Here's the original wording that would have cleared Mr Ronsson from section 4 subsection 3 regarding limitations (what isn't considered infringement)
The descriptions of work referred to in subsections (1)(a) and (2)(a) above are a literary work, a dramatic work, a musical work, an artistic work, a sound recording, a film, a broadcast and a cable programme, in each case within the meaning of Part I of the [1988 c. 48.] Copyright, Designs and Patents Act 1988.
and the same section now amended
A person does not infringe the Olympics association right by using a controlled representation in a context which is not likely to suggest an association between a person, product or service and the Olympic Games or the Olympic movement; and for the purpose of this subsection—

(a) the concept of an association between a person, product or service and the Olympic Games or the Olympic movement includes, in particular—

(i) any kind of contractual relationship,

(ii) any kind of commercial relationship,

(iii) any kind of corporate or structural connection, and

(iv) the provision by a person of financial or other support for or in connection with the Olympic Games or the Olympic movement, but

(b) a person does not suggest an association with the Olympic Games or the Olympic movement only by making a statement which—

(i) accords with honest practices in industrial or commercial matters, and

(ii) does not make promotional or other commercial use of a protected word by incorporating it in a context to which the Olympic Games and the Olympic movement are substantively irrelevant.
Much easier to understand eh?

Let's put it in simple terms, if you saw this book on the shelf would you think it was written in association with the Olympic Games?

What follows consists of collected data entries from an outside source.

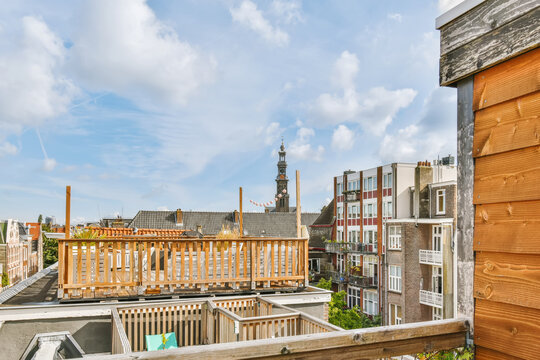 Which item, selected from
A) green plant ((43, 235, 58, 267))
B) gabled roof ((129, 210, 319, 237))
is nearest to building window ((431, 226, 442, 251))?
gabled roof ((129, 210, 319, 237))

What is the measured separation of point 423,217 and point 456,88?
2808 centimetres

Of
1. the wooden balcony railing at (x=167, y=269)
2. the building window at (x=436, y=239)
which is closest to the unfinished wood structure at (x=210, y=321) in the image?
the wooden balcony railing at (x=167, y=269)

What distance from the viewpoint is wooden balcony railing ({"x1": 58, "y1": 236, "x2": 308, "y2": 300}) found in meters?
6.21

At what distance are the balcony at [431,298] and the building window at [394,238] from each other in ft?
11.7

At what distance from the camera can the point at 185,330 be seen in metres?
6.46

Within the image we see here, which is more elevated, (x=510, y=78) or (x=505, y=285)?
(x=510, y=78)

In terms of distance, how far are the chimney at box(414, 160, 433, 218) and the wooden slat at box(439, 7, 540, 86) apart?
27.6 m

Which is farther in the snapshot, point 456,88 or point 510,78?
point 456,88

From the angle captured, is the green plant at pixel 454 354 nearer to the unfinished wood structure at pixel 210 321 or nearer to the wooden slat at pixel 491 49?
the wooden slat at pixel 491 49

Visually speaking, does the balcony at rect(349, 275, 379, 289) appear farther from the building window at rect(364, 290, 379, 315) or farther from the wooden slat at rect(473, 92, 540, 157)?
the wooden slat at rect(473, 92, 540, 157)

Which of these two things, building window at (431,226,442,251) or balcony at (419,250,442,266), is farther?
building window at (431,226,442,251)

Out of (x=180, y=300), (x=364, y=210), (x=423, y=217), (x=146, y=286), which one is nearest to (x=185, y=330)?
(x=180, y=300)

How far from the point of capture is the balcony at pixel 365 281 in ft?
103

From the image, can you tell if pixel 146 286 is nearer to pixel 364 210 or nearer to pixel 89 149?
pixel 89 149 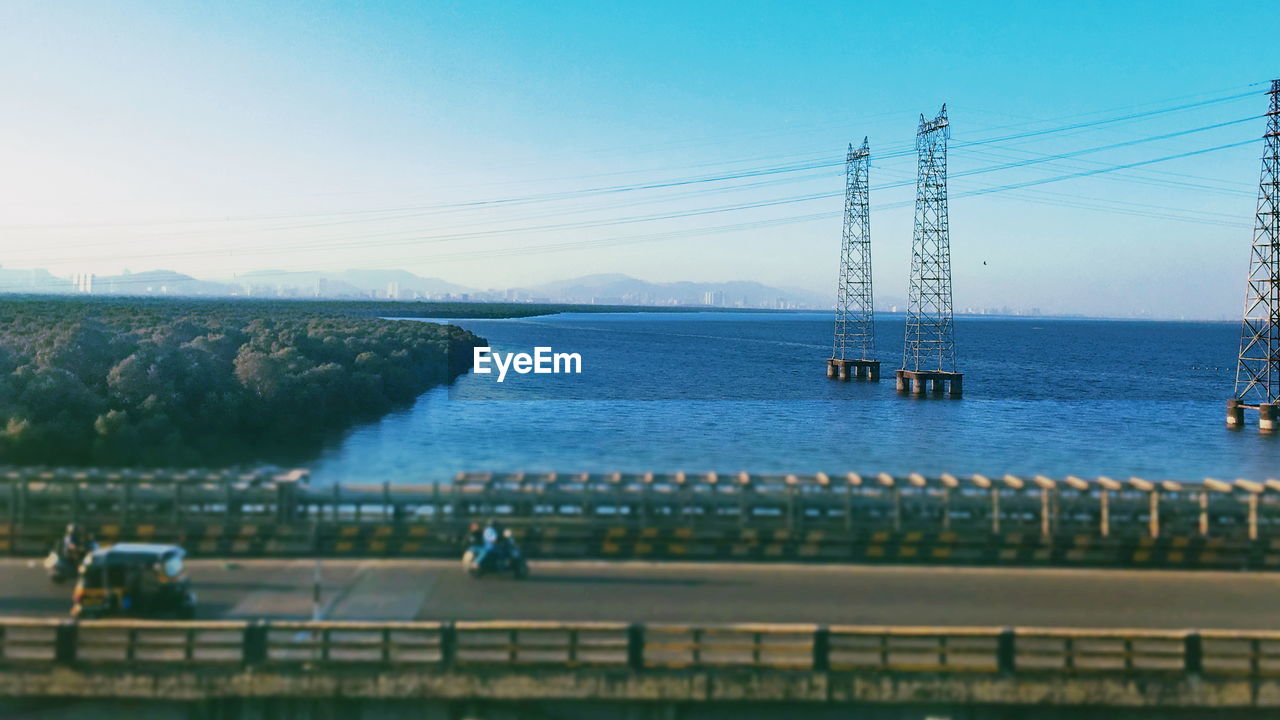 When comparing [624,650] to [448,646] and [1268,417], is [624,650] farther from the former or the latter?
[1268,417]

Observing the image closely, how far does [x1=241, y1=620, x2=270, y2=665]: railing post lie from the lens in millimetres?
13492

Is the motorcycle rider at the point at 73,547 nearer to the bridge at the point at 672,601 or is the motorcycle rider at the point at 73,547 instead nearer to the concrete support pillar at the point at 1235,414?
the bridge at the point at 672,601

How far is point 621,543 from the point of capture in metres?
19.1

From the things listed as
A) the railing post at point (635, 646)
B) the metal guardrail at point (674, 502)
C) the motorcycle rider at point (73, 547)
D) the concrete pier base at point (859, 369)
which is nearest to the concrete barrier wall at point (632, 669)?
the railing post at point (635, 646)

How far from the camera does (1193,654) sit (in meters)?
13.4

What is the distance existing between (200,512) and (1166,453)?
58.2 meters

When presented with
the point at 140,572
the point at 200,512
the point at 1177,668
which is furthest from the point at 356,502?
the point at 1177,668

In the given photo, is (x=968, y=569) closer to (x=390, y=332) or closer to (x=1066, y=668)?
(x=1066, y=668)

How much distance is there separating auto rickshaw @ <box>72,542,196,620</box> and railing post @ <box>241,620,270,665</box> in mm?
2437

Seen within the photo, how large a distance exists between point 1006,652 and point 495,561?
9317mm

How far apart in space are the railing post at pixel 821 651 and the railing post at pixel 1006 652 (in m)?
2.57

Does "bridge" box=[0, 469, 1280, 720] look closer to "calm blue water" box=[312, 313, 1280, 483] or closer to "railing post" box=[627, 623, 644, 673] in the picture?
"railing post" box=[627, 623, 644, 673]

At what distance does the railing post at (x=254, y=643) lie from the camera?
1349cm

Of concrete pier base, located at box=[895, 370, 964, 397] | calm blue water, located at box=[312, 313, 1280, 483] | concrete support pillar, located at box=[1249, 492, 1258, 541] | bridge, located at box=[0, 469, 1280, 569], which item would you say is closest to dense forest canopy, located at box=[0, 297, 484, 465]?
calm blue water, located at box=[312, 313, 1280, 483] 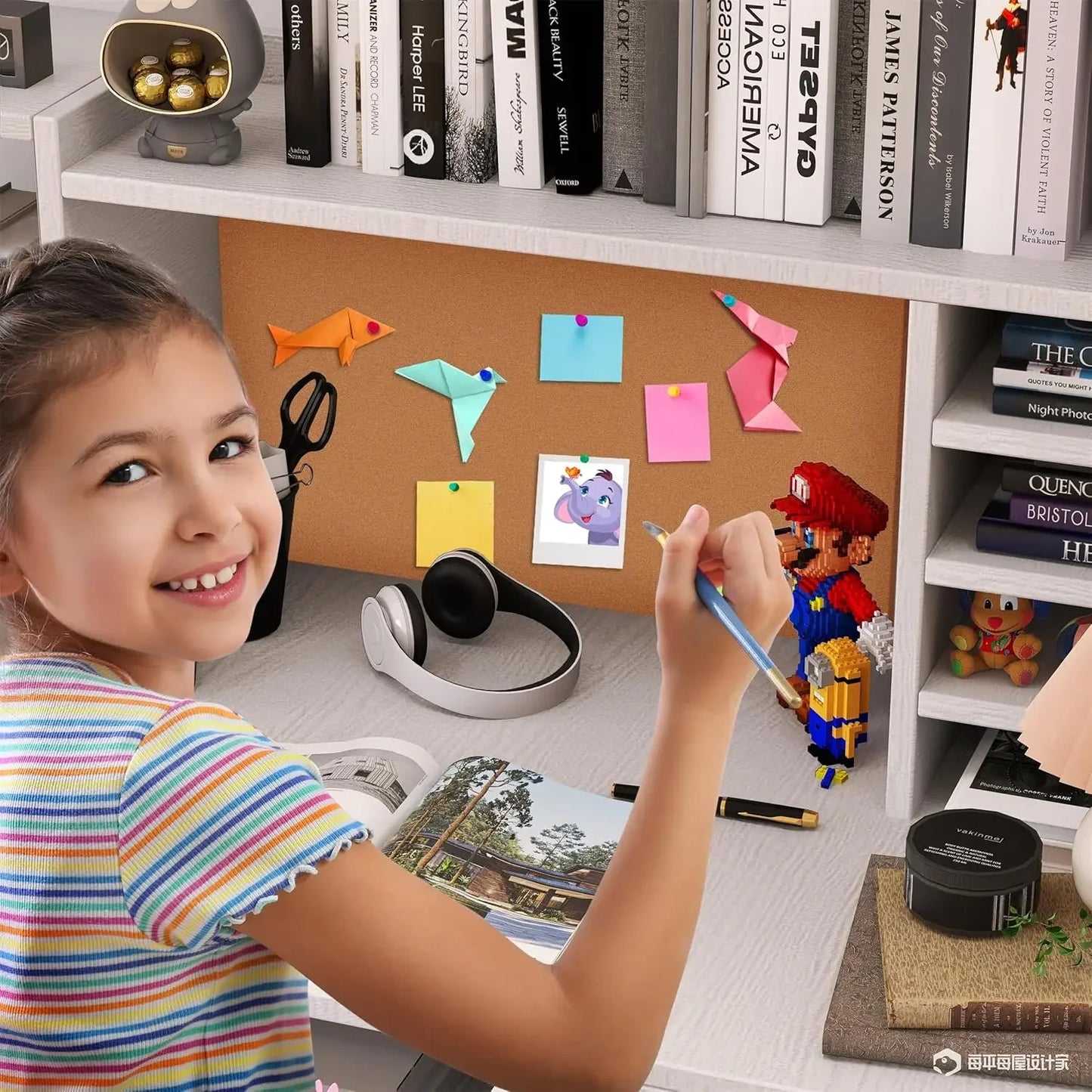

Because that's what it all comes down to.

2 comments:

Robert Ronsson said...

Hi Flipc

Thanks for your comments. I am pleased to say that LOCOG has written to me to say that they recognise they have to treat creative and artistic works differently. It's a small victory.

No sensible person would look at the book and connect it with the upcoming Games. I am merely using the London Olympic Village as the location for a work of fiction.

I'm pleased to say the publicity has boosted sales and now the controversy has died down I hope young readers 9-14 get hold of it, read it and enjoy it.

Robert Ronsson

FlipC said...

Hi Robert,

I'm glad that LOCOG have seen sense, I'd be the first to admit the old laws needed a little tightening, but the result was ridiculous.

Ah well they say any publicity is good publicity and it did get you on the telly. Hmm thinking about it with Xmas coming in I might pick up a copy for Bratus Major, he's seriously into books at the moment.